Shippony conjures up a rich brew in the show, with seasoning from across the Israeli social spectrum, possibly as only someone who spent his formative years living in a different culture can.
The Wandering Israeli was first unveiled in 2004 and, as is his wont, Shippony largely performed the piece on the fly.
“I don’t have any formal training in acting,” he says. “I learned as I went along.”
Sky-high confidence notwithstanding, Shippony says the first shows were “catastrophic,” but that things picked up along the way. He also picked up some valuable professional tips from an experienced theater director.
Today, he reels off the script in an entirely convincing and engaging manner. It is hard to think of anyone else here with accrued thespian credentials – The Wandering Israeli has run over 600 times to date – better equipped to convey the sense of being an Israeli to Israelis and non-Israelis alike. After spending only a few minutes in Shippony’s company, it was clear that I was in the presence of a born storyteller, with the energy and joie de vivre to boot.
His ability to go with the flow led him to embark on many an escapade across the globe and across the board. The English version of the show, for example, came about last year as Shippony was busting a gut to put together a Stateside tour that would at least cover the costs. To that end he reckoned he had to secure at least four bookings, and he had but three. That was until he hit on the idea of putting together an English version, thereby boosting the number of dates to six in one fell swoop.

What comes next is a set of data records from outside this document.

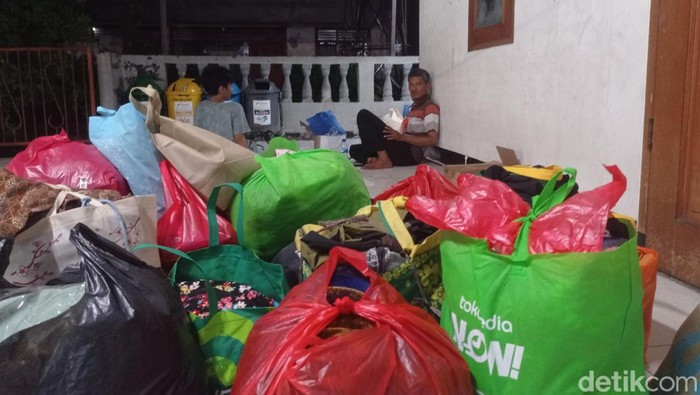 Juju (51), penjaga SDN 01 Pondok Bambu yang selamatkan ibunya dari kebakaran (Taufiq S/detikcom)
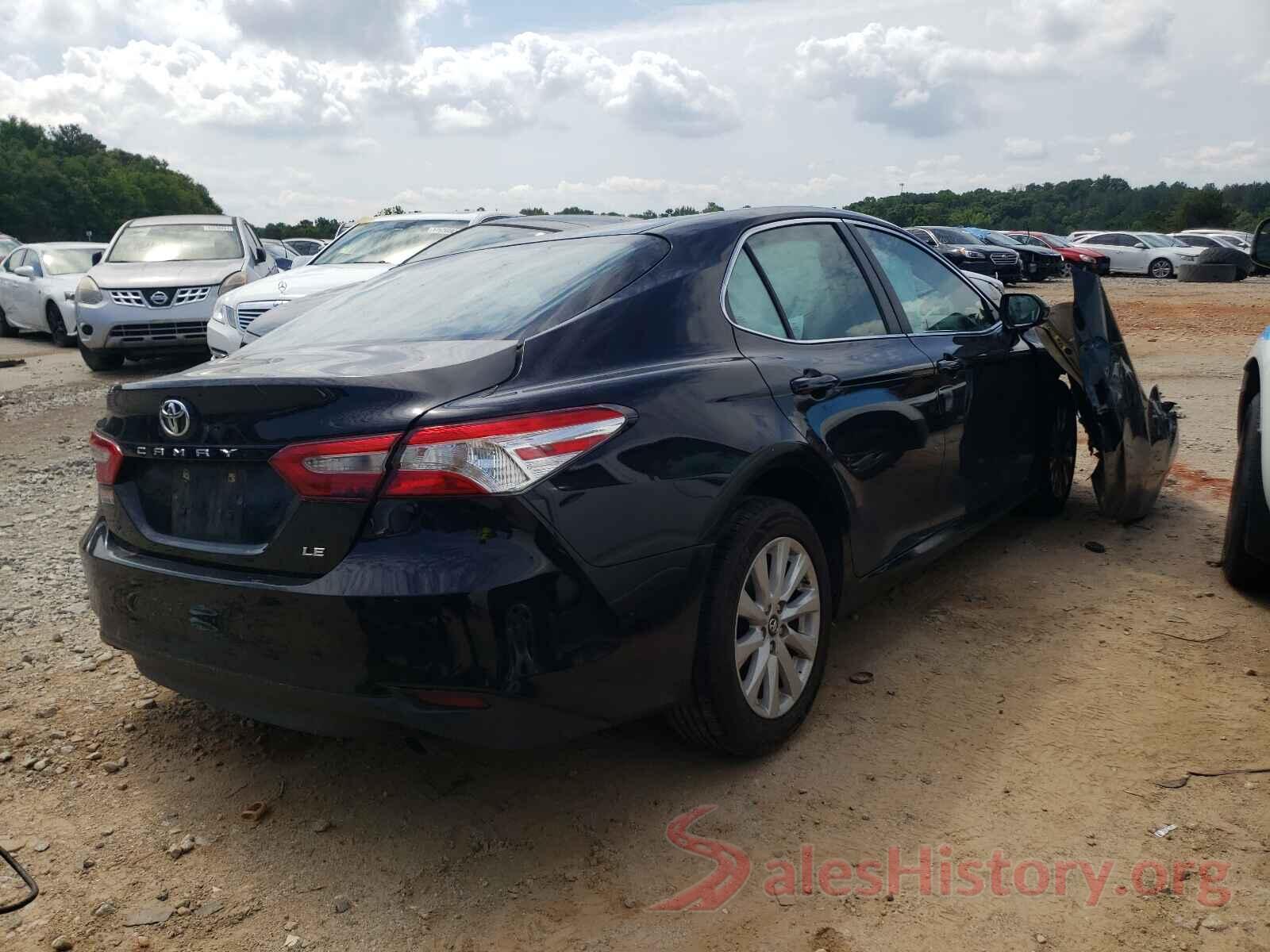 4T1B11HK2JU069974 2018 TOYOTA CAMRY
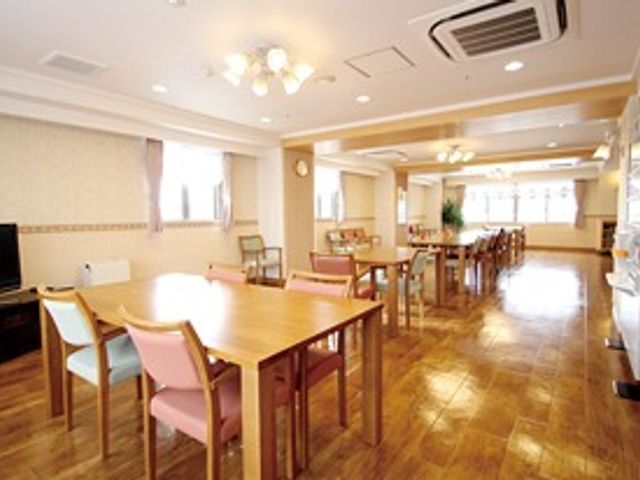 自然光が差し込む部屋 ダイニングルーム 広々とした明るいスペースで、自然光が優しく差し込みます。くつろぎながらお食事を楽しむことができます。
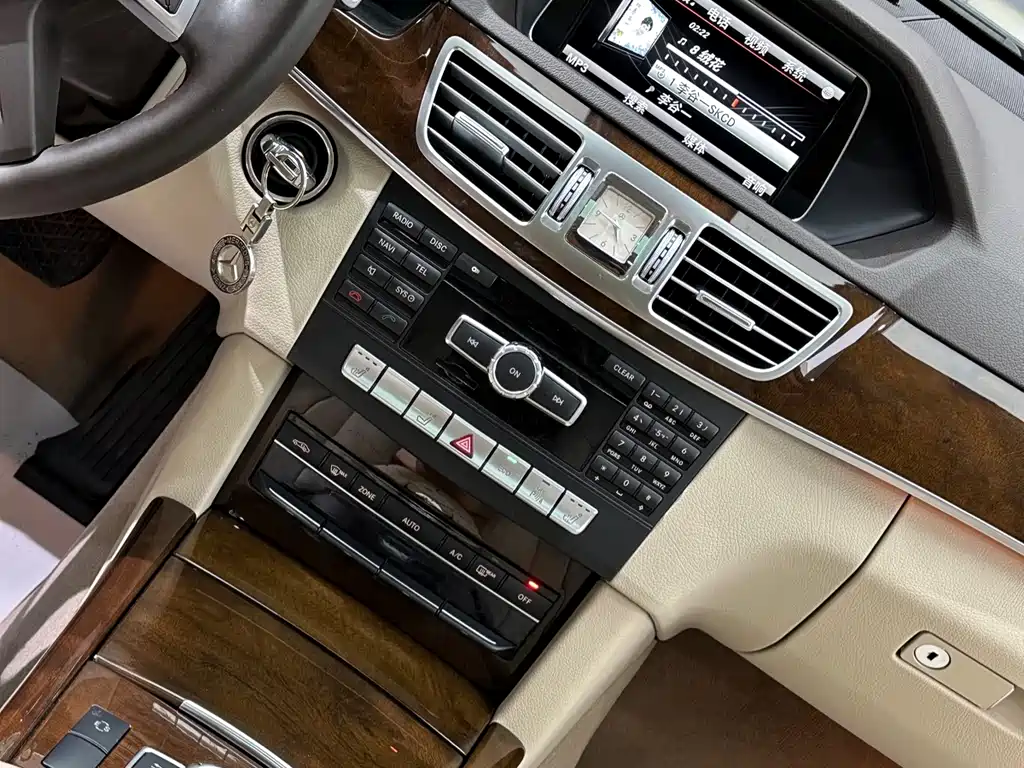 Mercedes-Benz E-Class — миниатюра 22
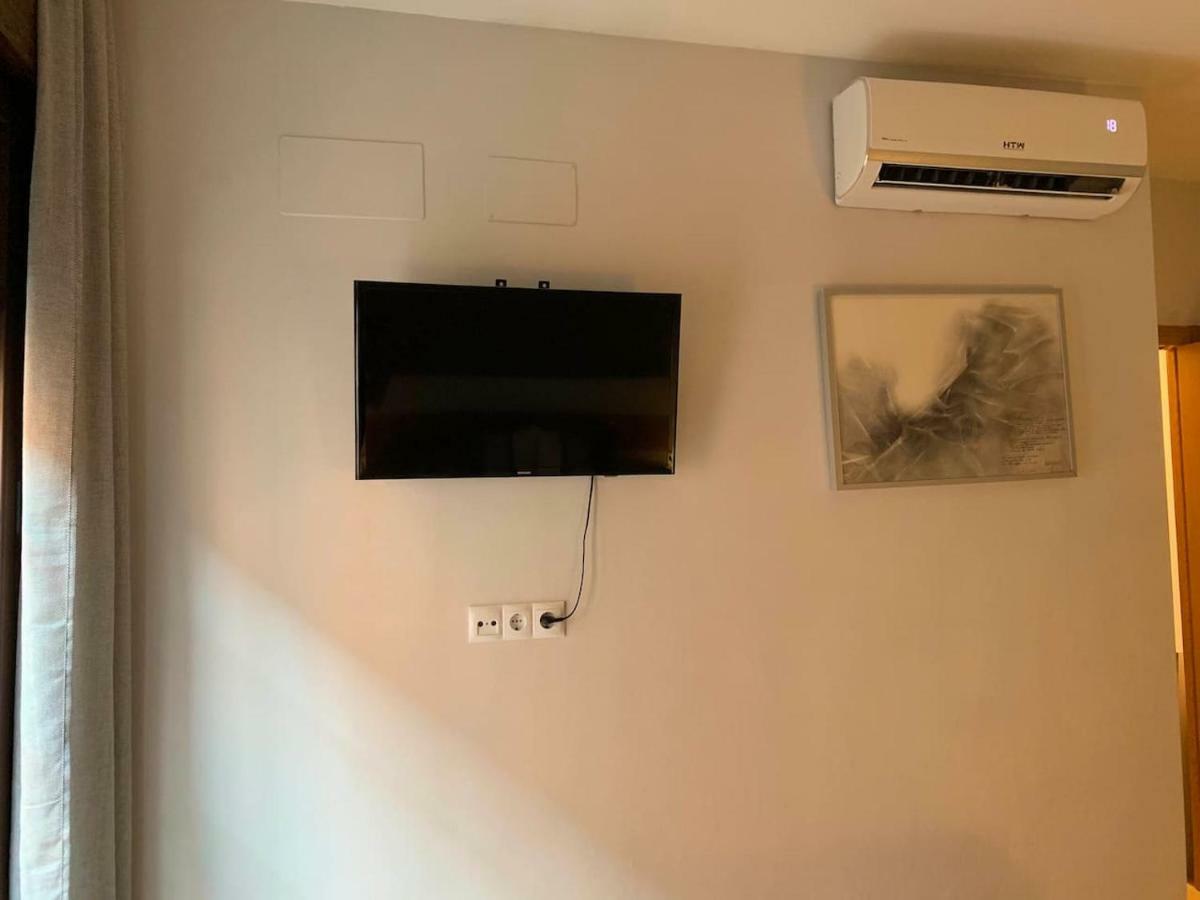 Luz Y Tranquilidad En El Casco Histórico - Parking Gratis Apartamento Sevilla
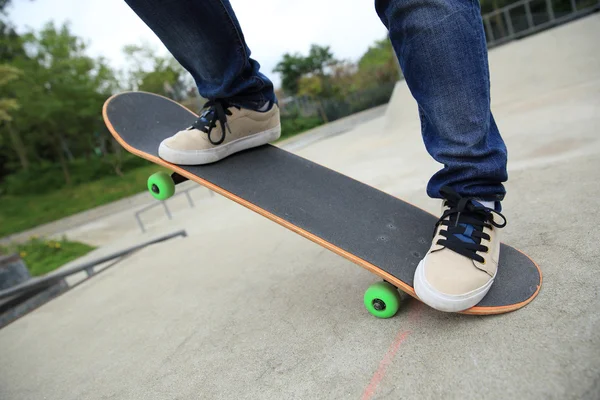 Pernas de skate no skatepark — Fotografia de Stock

That was easier said than done, but as usual he managed it.
“I sweat blood to translate and transliterate the words and sensibilities of Israeli culture into English,” he says, mother tongue-standard English notwithstanding.
It was the same with the rendition in Spanish, a language he learned while trekking in South America.
There is plenty of humor in The Wandering Israeli, along with some pretty emotive stuff. Shippony made a documentary about the backdrop to the play, which features his return to Amman a full 15 years after he left in the wake of the Rabin assassination.
Among other moving and comedic vignettes, we discover that Shippony learned of the tragic event from Kamil, the owner of the hostel where he’d been living for three months. After informing him of the killing, Kamil expressed his condolences and told Shippony, in Arabic, “We are all with you.”
Whether your choice of language is Spanish, Hebrew or English, or all three, should you make your way to the Café Theater venue at the Cameri tomorrow evening you may find yourself wondering whether to laugh or cry, or both.